GEDI4R: A package for NASA's Global Ecosystem Dynamics Investigation (GEDI) Level 4A Data Visualizing and Processing.
This package offers a set of functions to work with the GEDI Level 4A data. This
dataset contains GEDI Level 4A version 2.1 (L4A) predictions of the aboveground biomass
density (AGBD; in Mg/ha) and estimates of the prediction standard error within
each sampled geolocated laser footprint derived from parametric models that
relate simulated GEDI Level 2A (L2A) waveform relative height (RH) metrics to
field plot estimates of AGBD. The datasets is available for the period
2019-04-18 to 2021-11-23.
More information on Level 4A data can be found
here.
To download the GEDI L4A user guide plese visit this link
The package follows a simple name convention: all functions names start with l4_
and are
followed by a verb indicating the purpose of the function.
#install.packages("devtools")
devtools::install_github("VangiElia/GEDI4R")
#loading GEDI4R package
library(GEDI4R)
l4_download
uses the gedifinder
to find GEDI Level 4A data intersecting a
user-defined extent and date range.
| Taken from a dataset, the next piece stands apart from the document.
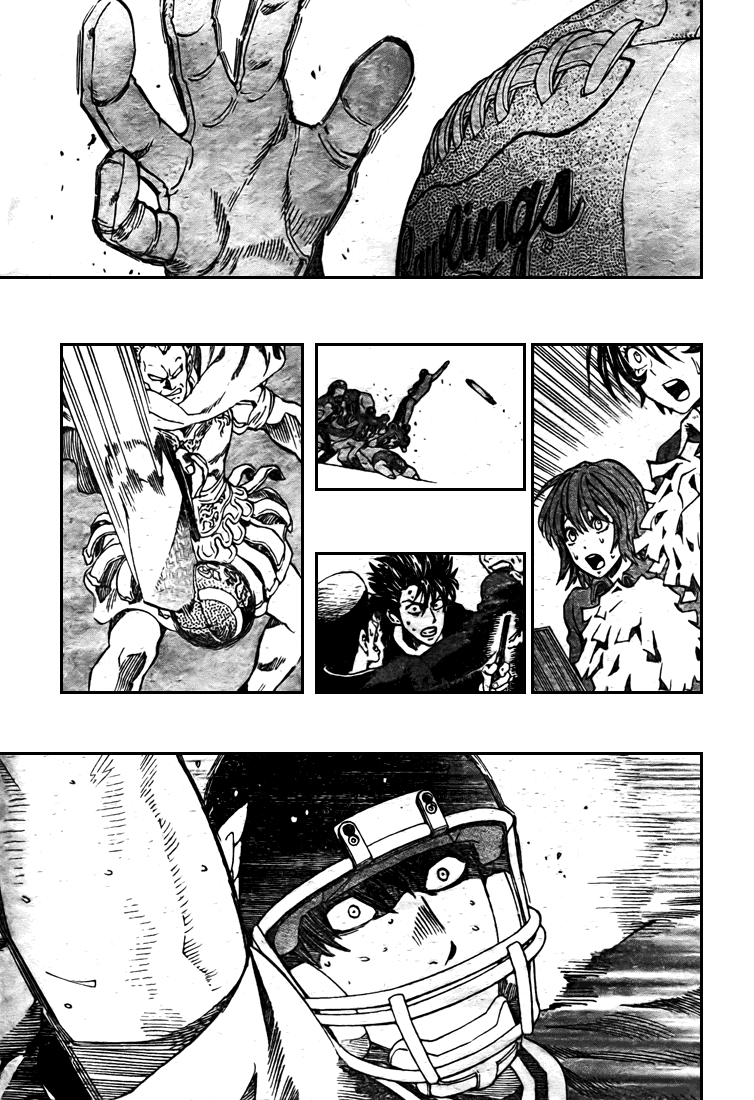Eyeshield 21 Chapter 304 page 5 - Chapter 304: Finale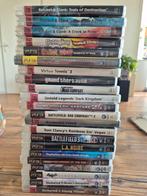 PS3 Games - Ratchet & Clank, Guitar Hero, Battlefield, Avontuur en Actie, Online, Gebruikt, 1 speler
The list of the resulting path is downloaded in parallel
using the foreach
package. Note that if the number of files to download is less than the available number of cores, the function l4_download
will uses as many cores as the numebr of file, for efficency reason.
At the first run of l4_download
, users will need
to enter their Earth Explorer Login Information (if you do not have an account,
sign up at this
link)
for downloading the data. The function will create a netrc file in the
directory specified by the argument outdir
that stores the access credentials
to the ORNL DAAC database, where GEDI Level 4 datasets are stored. l4_download
will search for the netrc file in outdir
at each run. If it does not find
it, it recreates it by asking the user to enter the login credentials again. As
long as this file is in outdir
, the user does not need to enter this
information again. If the user changes outdir
, a new netrc file will be
created after entering the access credentials.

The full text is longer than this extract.